Federal State Unitary Enterprise "Guard"
- Great emblem
- Patch
- Native name: ФГУП «Охрана Росгвардии»
- Company type: State company
- Industry: State paramilitary protection
- Genre: Security services
- Founded: 2005
- Founder: Ministry of Internal Affairs (Russia)
- Headquarters: 5/1 Delegatskaya Street, Moscow, Russia
- Key people: CEO: Stanislav Osipov
- Owner: National Guard of Russia
- Website: fgup-ohrana.ru

= Federal State Unitary Enterprise Guard (Russia) =

Security company

Federal State Unitary Enterprise "Guard" is governmental militarized security organization of the National Guard of Russia.

== History ==
In 2005, the security organization was established under the Ministry of the Interior of Russia. The enterprise has 80 branches in the regions of Russia, representing the services of physical, paramilitary protection, panel guard, installation and maintenance of security systems.
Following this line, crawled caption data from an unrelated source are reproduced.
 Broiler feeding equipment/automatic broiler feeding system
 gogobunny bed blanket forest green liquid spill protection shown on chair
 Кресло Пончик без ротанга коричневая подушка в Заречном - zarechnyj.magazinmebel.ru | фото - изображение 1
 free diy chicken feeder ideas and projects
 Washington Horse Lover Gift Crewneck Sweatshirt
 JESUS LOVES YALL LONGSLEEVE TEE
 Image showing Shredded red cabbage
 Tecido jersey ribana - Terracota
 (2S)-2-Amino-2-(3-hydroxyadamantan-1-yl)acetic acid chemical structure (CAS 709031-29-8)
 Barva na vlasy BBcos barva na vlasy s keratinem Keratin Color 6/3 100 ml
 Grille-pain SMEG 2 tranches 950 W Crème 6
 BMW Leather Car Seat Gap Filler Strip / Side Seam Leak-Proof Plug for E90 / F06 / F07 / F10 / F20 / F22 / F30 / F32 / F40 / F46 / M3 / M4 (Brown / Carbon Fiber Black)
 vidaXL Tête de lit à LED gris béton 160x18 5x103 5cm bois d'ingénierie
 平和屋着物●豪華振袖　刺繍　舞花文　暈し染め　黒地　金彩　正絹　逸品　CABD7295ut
In 2016 in accordance with the decree of the president of Russia, the organization became a part of the National Guard of Russia. The general director is the colonel of the reserve Stanislav Osipov.

==Legal Basis==
FSUE Okhrana (English: Security) of the National Guard of Russia operates on the basis of the Charter. “Militarized and guard units” of the Federal State Unitary Enterprise “Security” are subject to the provisions of the Federal Law “On Departmental Security” (Article 26). Unlike departmental security, it has the right to carry out on a contractual basis the protection of objects of all forms of ownership, regardless of departmental affiliation. Employees of the enterprise use special means and military hand-held small arms adopted by the Russian Guard troops, as well as service and civilian weapons permitted for circulation on the territory of the Russian Federation.

==Divisions==
Federal State Unitary Enterprise Guard is divided into five major Centers as follows:
- Center for the Protection of Industrial Facilities (CPOP);
- Center for Security of Fuel and Energy Complex Facilities (COO TEK);
- Center for the Protection of Objects of the Agro-Industrial Complex (CPO AIC);
- Center for the Protection of Communication Facilities (COOS);
- Center for the Protection of Civil Objects.